Ardından da halkın teveccühüyle Refah-yol hükümetinin başbakanı olan Necmettin
Erbakan’ı engellemek için darbe yapmak adına birbirleriyle yarıştılar,
demokrasiye İsrail menşeli balans ayarı verdiler. Nasıl olurdu da şeriatçı
Müslümanlar siyasetle ilgilenip iktidar olabilirdi? Bundan böyle altı köşeli tekerlerine
çomak sokulacaktı. Artık ağlama duvarı önüne gidip ağlayamayacaklar, Rotary
kulüplerinden ve İngiltere’den üstün hizmet ödülü alamayacaklardı. Bunu anlamak
için 28 Şubat’ın baş mimarlarından Çevik Bir’in aldığı ödüllere bakmak yeterli:
(1999’da Ulusal Güvenlik İşleri Musevi Enstitüsü (JİNSA)
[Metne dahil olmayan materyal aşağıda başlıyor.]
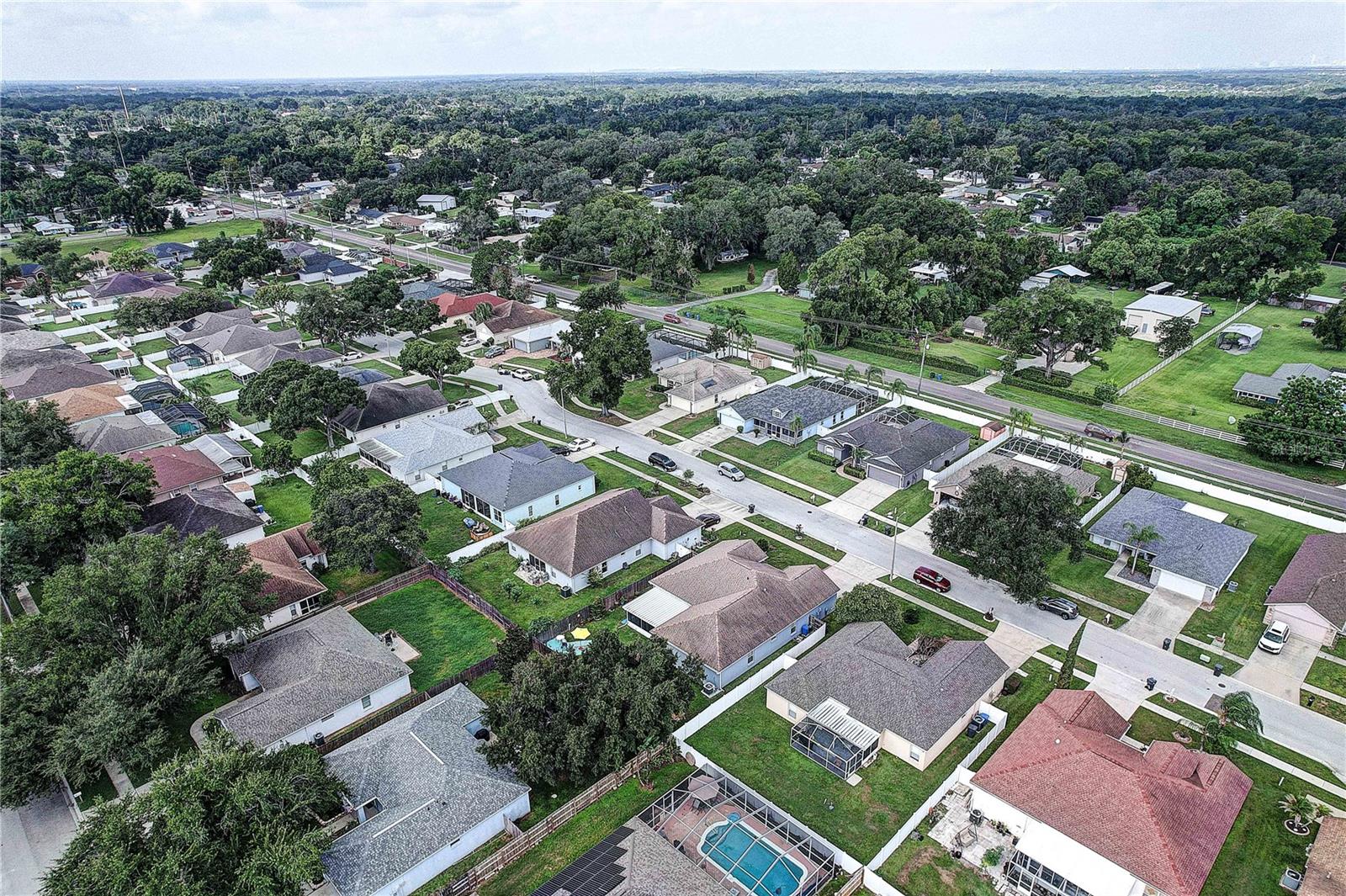 2242 Towering Oaks Cir Property Photo 43
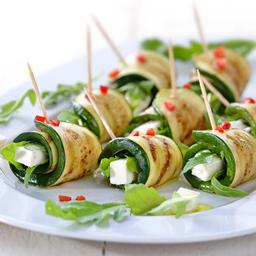 Product thumb gallery 1579292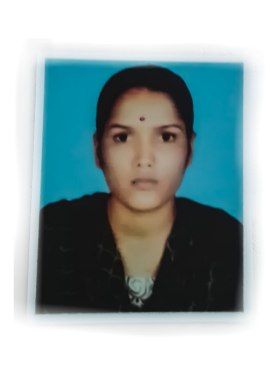 Sabita Rani Profile Picture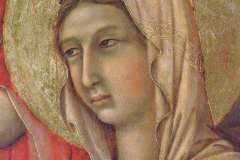 madonna-and-child-on-a-throne-front-side-fragment-1311-12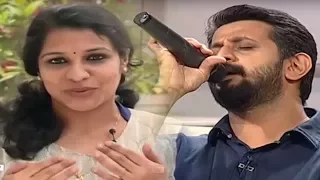 JB Junction: ആ റിയാലിറ്റി ഷോയിൽ പങ്കെടുത്ത ജോബിന് കിട്ടിയ സമ്മാനത്തിന്റെ പേരാണ് "ആതിര"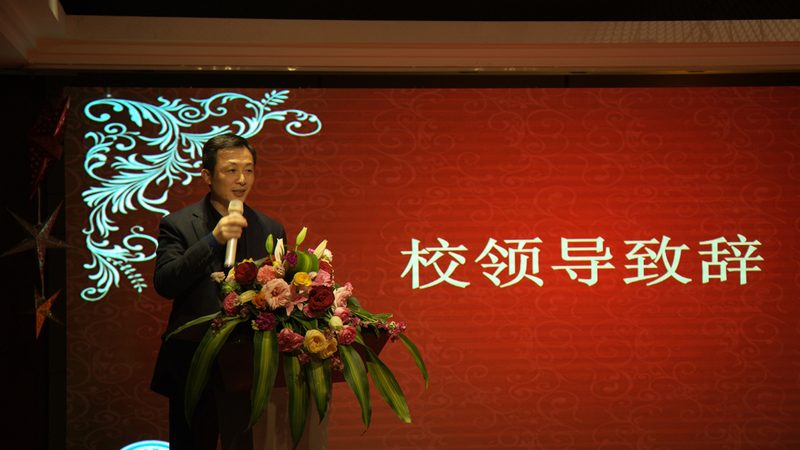 电子产品设计流程解析：从零到一的蜕变之路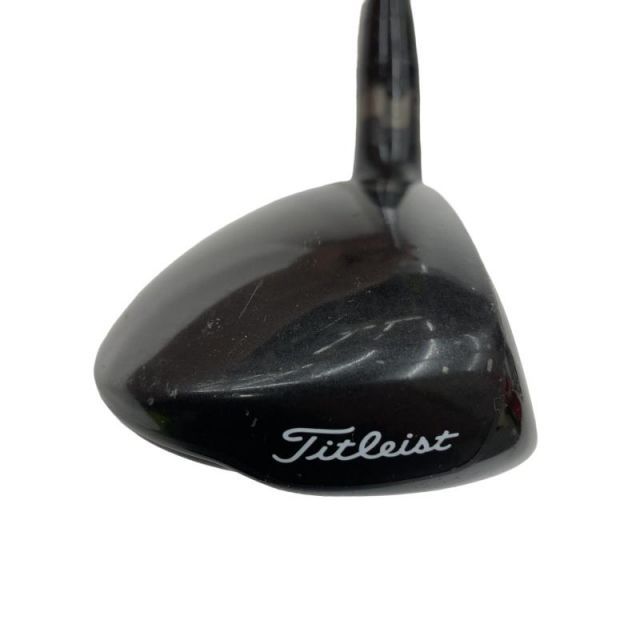 中古】 タイトリスト 913 H 21° ユーティリティ UT Dynamic Gold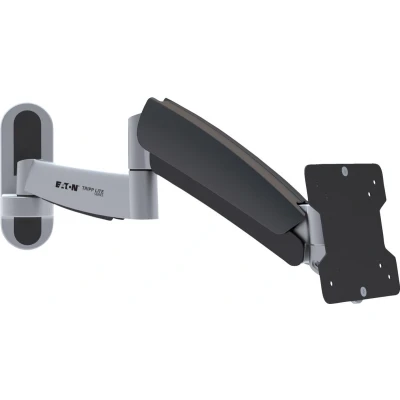 Afbeelding van Tripp Lite DWM1327SP tv bevestiging 68,6 cm (27&quot;) Zwart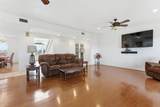 5383 Rawhide Lane - Photo 9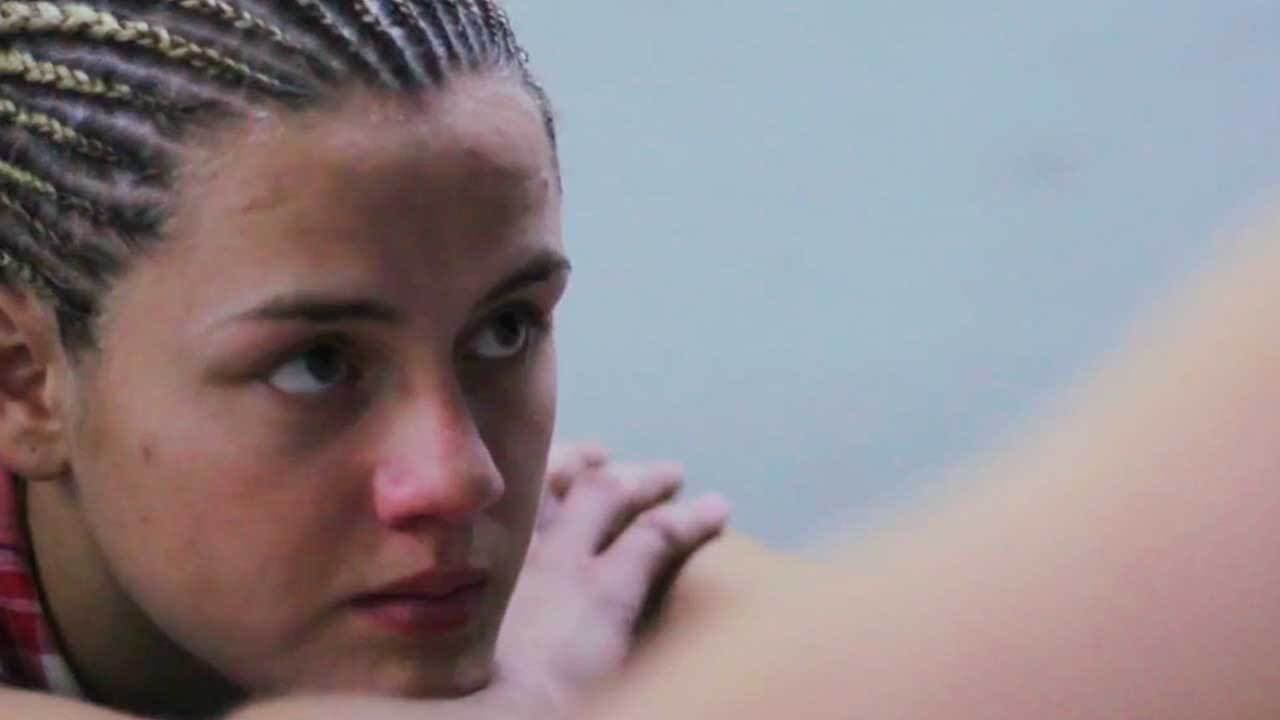 Backdrop – La Bonita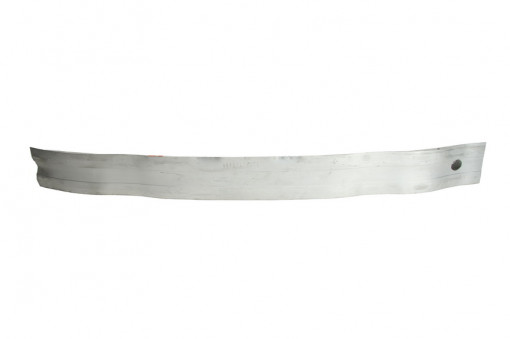 Intaritura bara Fata (aluminiu) potrivit AUDI A3 1.4-3.2 05.03-03.13
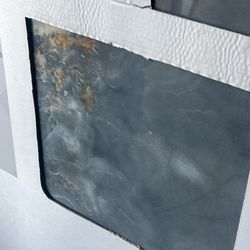 Tile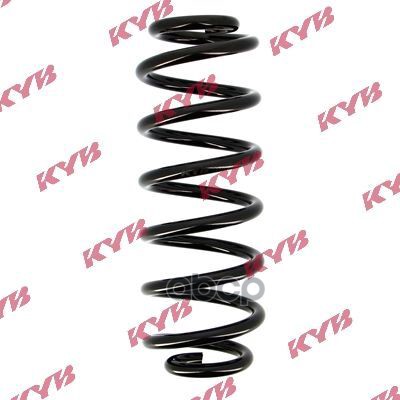 Пружина Задн. K-Flex Vw Passat Ra7111 KYB арт. RA7111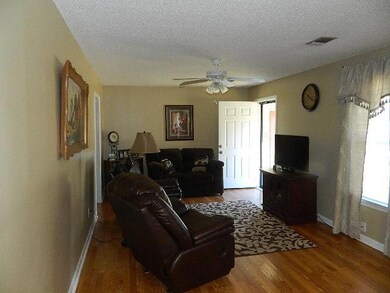 212 Fontenay Dr, Lebanon, TN 37090 - photo 4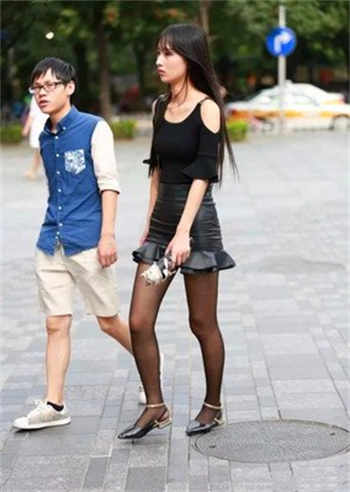 魔鬼天使杨思敏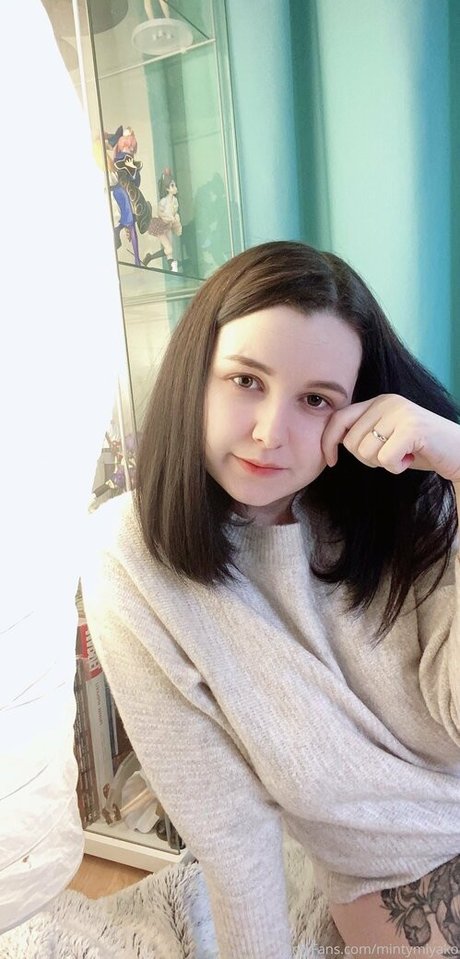 busty teen onlyfans art xxx pic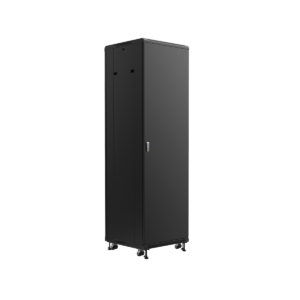 SOETECK NCB Series 19-inch Network Cabinet-2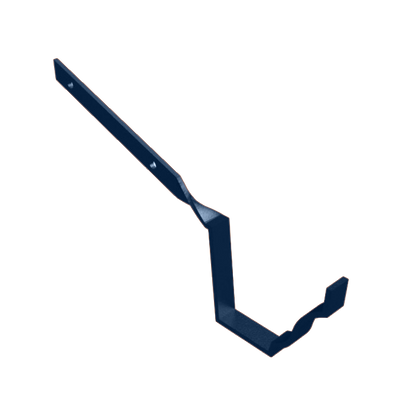 MG Rafter side Fix 40 Deg - 150x100mm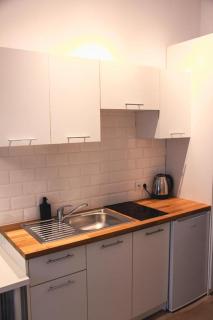 Apartament Kattowitz - Katowice - 4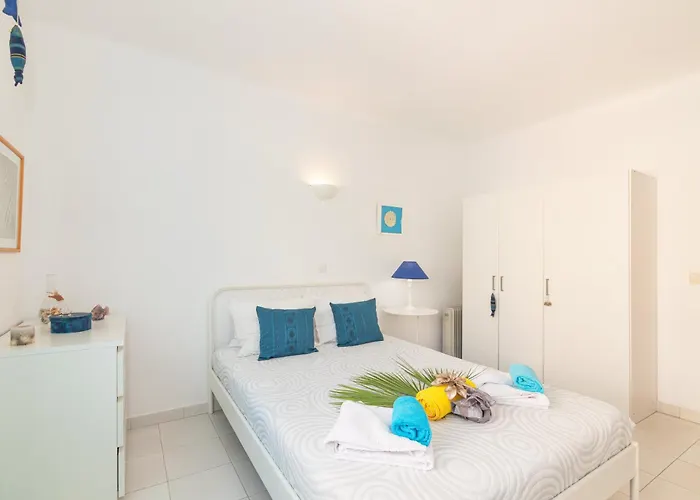 Colunas - Silhueta Citadina Portimao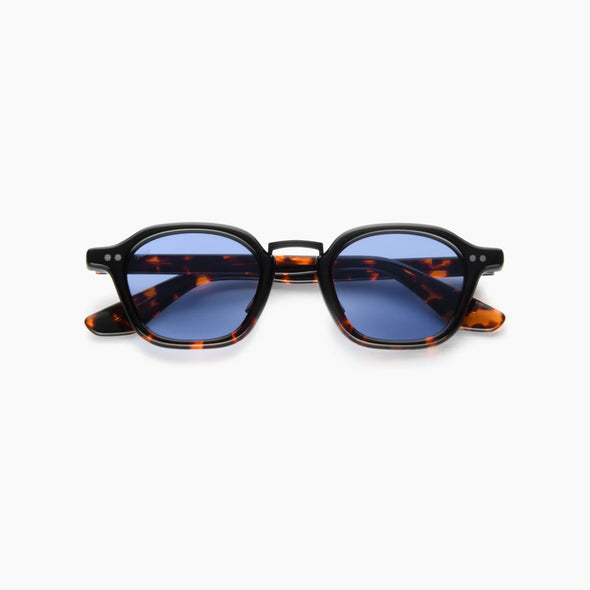 Akila IRIS A 2424 Acetate Sunglasses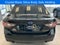 2024 Subaru Legacy Touring XT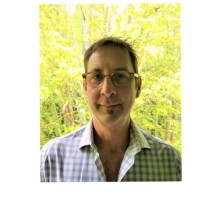 Mark Materowski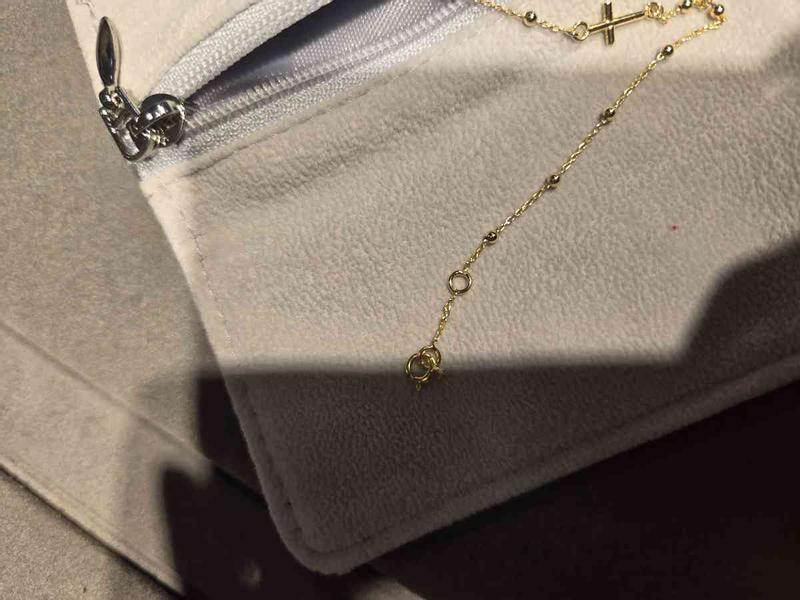 Review Thumbnail Image 0 235314703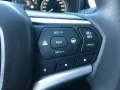 Isuzu D-Max Space Cab LS AT neues Modell +SOFORT+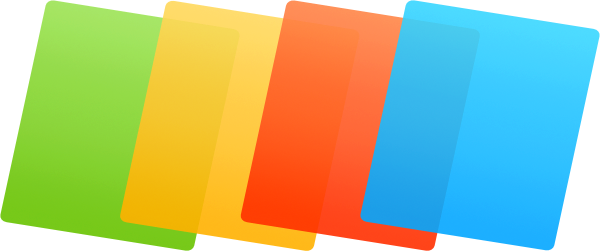 7066681.jpg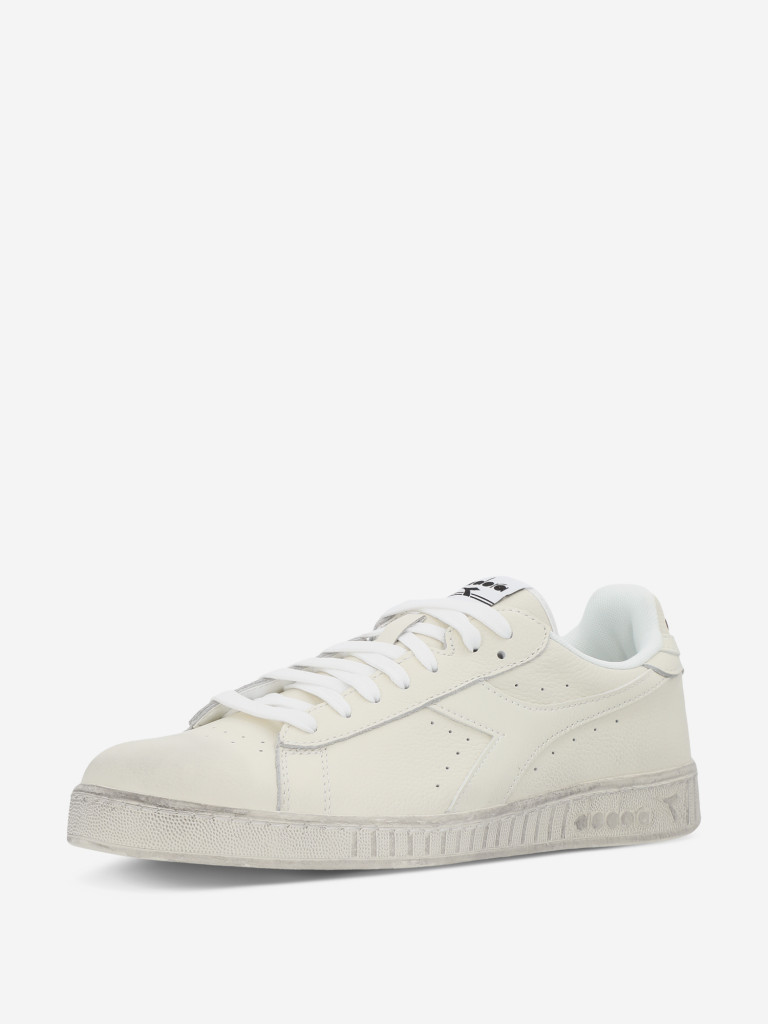 Кроссовки мужские Diadora Game L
tarafından verilen "Uluslararası Liderlik Ödülü, 1994’te Almanya Onur Madalyası ve ABD Liyakat Madalyası, 1997’de İngiltere Üstün Başarı ve İngiltere Üstün Hizmet Madalyası,
1999’da Fransız Liyakat
Madalyası) Sizce fanatik Atatürkçü bir komutana, İngiltere ‘üstün hizmet ve liyakat
madalyası’, İsrail de
‘liderlik ödülü’ neden verir? Sorunun cevabı
zaten belli!
‘Siyasal İslam’ tabiri üzerine söylenecek çok şey var ama
yazının başında da belirttiğim üzere asıl mesele siyasetle ilgilenen, siyasi
açıklamalar yapan Alevilerin, Kürtlerin, Kemalistlerin siyasal olarak
nitelendirilmemesi ama kendisini dindar olarak tanımlayan ve siyasetle
ilgilenen kesime ‘Siyasal İslam’ tabirinin suç unsuruymuş gibi kullanılmasıdır.
Oysa İslam hayatın her alanında yer alır; siyasette de sanatta da bilimde de
çünkü Peygamberimiz Hz. Muhammed (S.A.V.) aynı zamanda da
devlet başkanıydı. Yani Müslümanlar siyasetin en ince noktalarında dahi yer
almalıdır, meydanı Allah’a savaş açmış rejimlere
asla bırakmamalıdır. Her ne kadar ümmetin şu an İslam dünyasındaki tağutu
değiştirecek gücü ve isteği olmasa da coğrafyanın haritasına hükmeden her adıma
giden yolun bir yerinde olması gerekiyor. Zira boş bıraktığımız yeri mutlaka
başkaları dolduruyor.
Halep’te neler oluyor?
Ekim 2023’ten beri Gazze’de yaşanan soykırımı dehşetle izliyoruz.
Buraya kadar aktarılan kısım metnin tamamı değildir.